◆ Task details
For the entries below, copy exactly the line that contains "Wandverkleidung Wohnzimmer - Neon" through the line that contains "zonsondergang over- gletsjer", both ends included, and exclude all pictures.

Source data section start

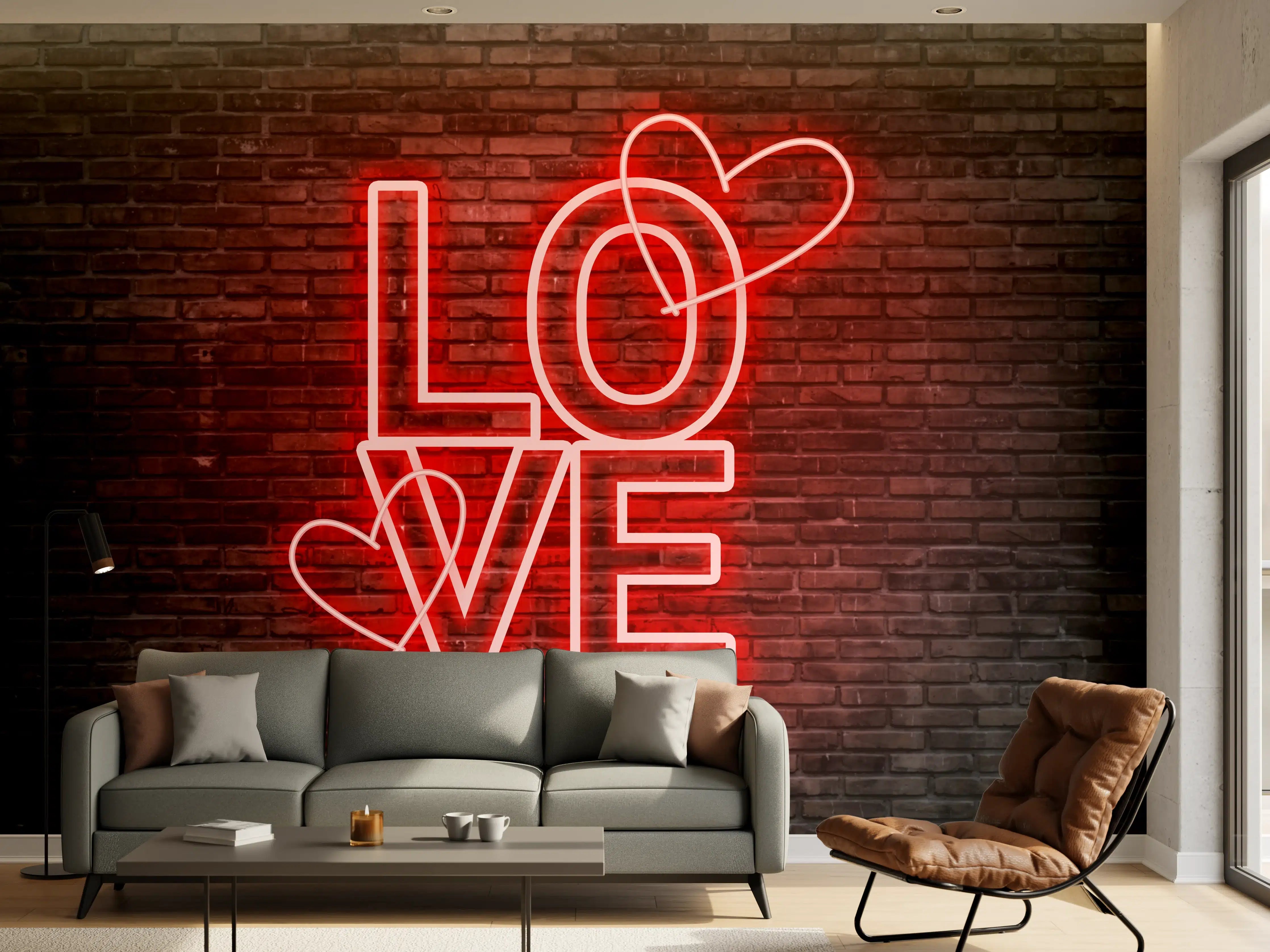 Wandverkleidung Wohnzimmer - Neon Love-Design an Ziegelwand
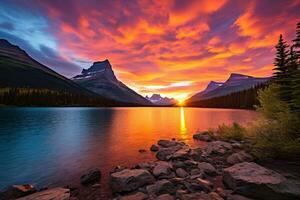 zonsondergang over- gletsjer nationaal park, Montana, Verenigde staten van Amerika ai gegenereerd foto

Source data section end
Source data section start

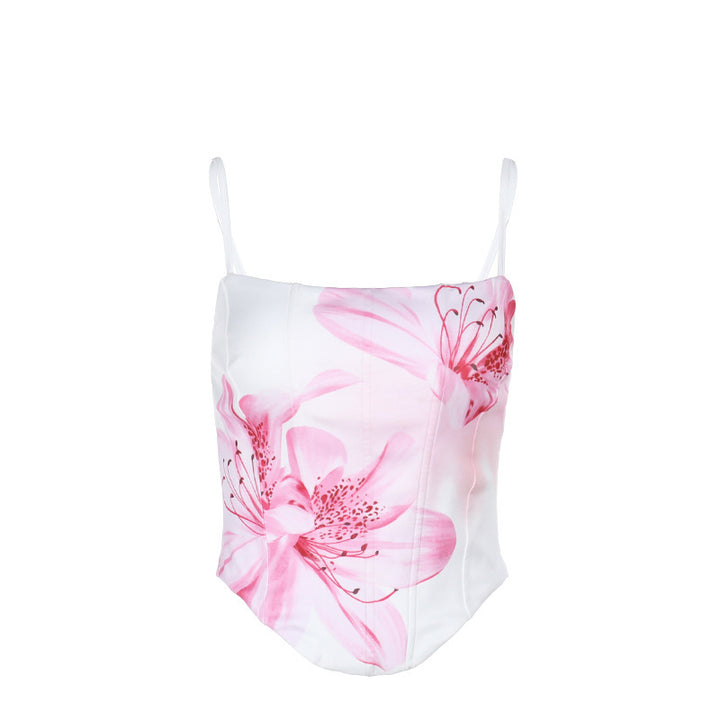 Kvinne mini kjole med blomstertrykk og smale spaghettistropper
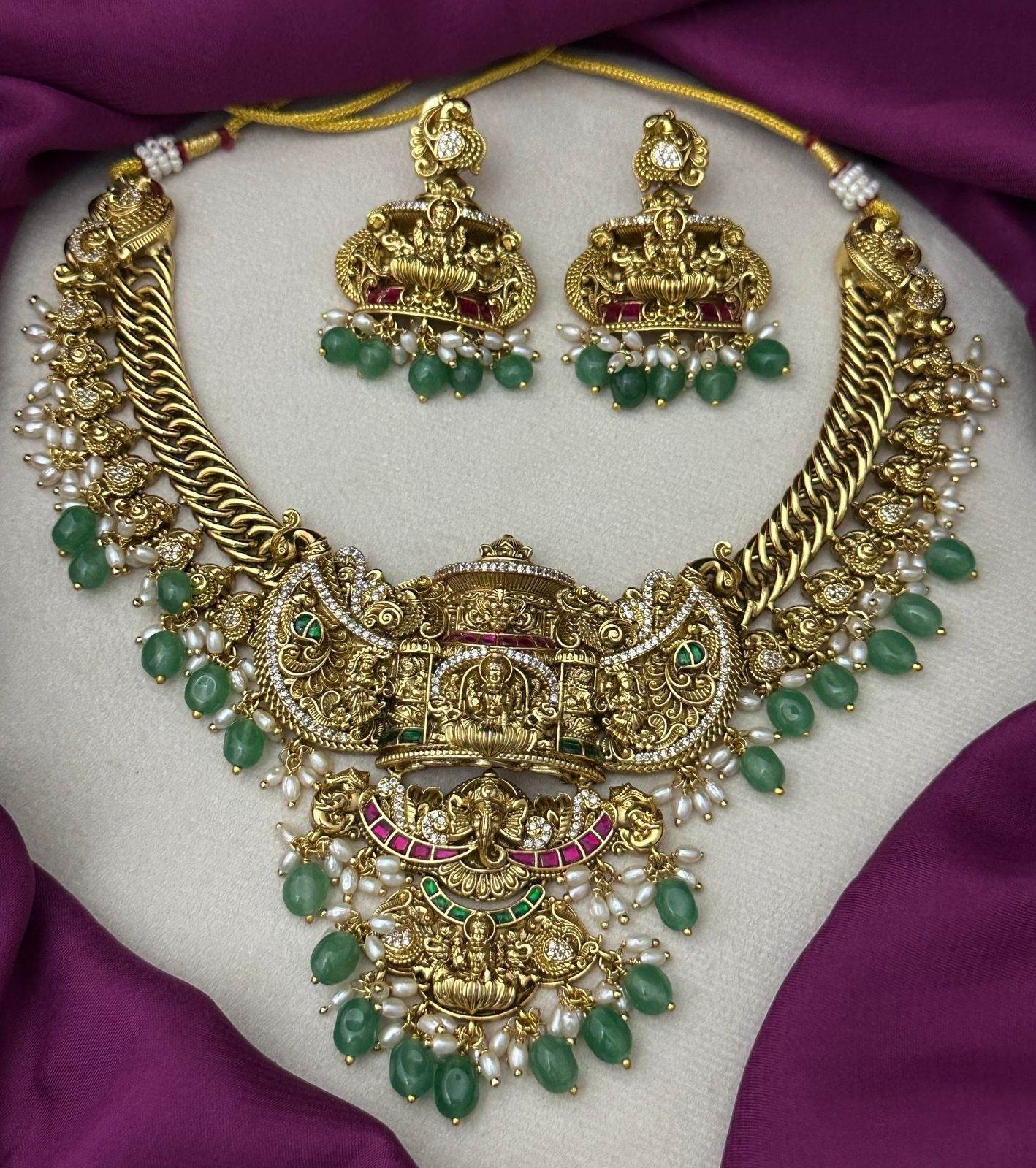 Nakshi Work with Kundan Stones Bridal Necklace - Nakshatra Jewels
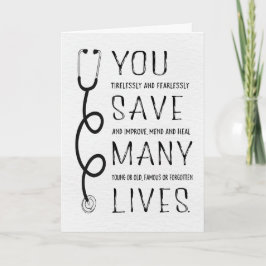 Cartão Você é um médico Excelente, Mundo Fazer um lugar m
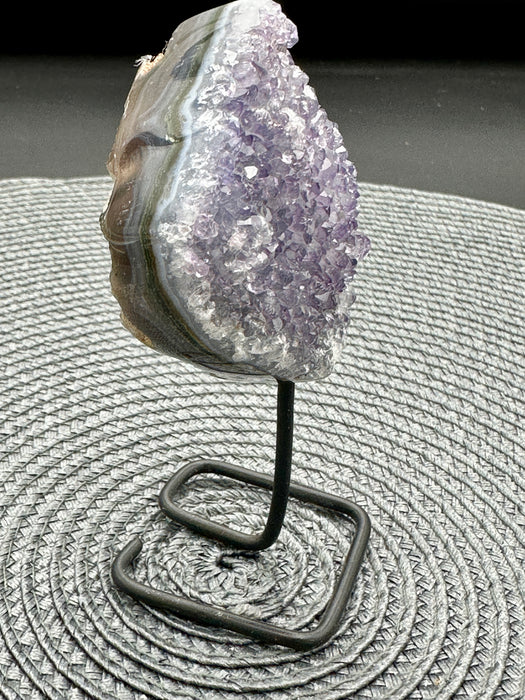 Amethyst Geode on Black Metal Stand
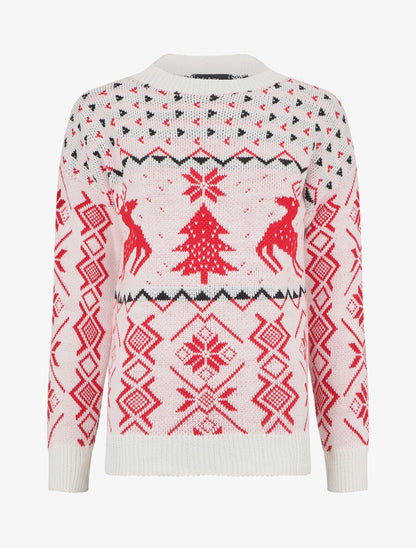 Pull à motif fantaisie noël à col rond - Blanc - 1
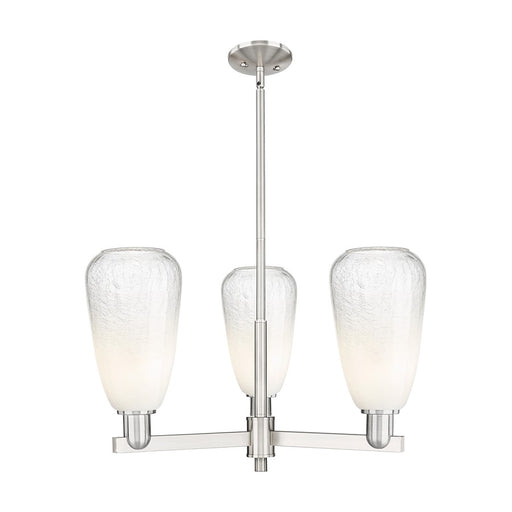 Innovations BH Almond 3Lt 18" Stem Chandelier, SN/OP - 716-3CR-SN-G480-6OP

Source data section end

◆ Reply to the exercise
 Wandverkleidung Wohnzimmer - Neon Love-Design an Ziegelwand
 zonsondergang over- gletsjer nationaal park, Montana, Verenigde staten van Amerika ai gegenereerd foto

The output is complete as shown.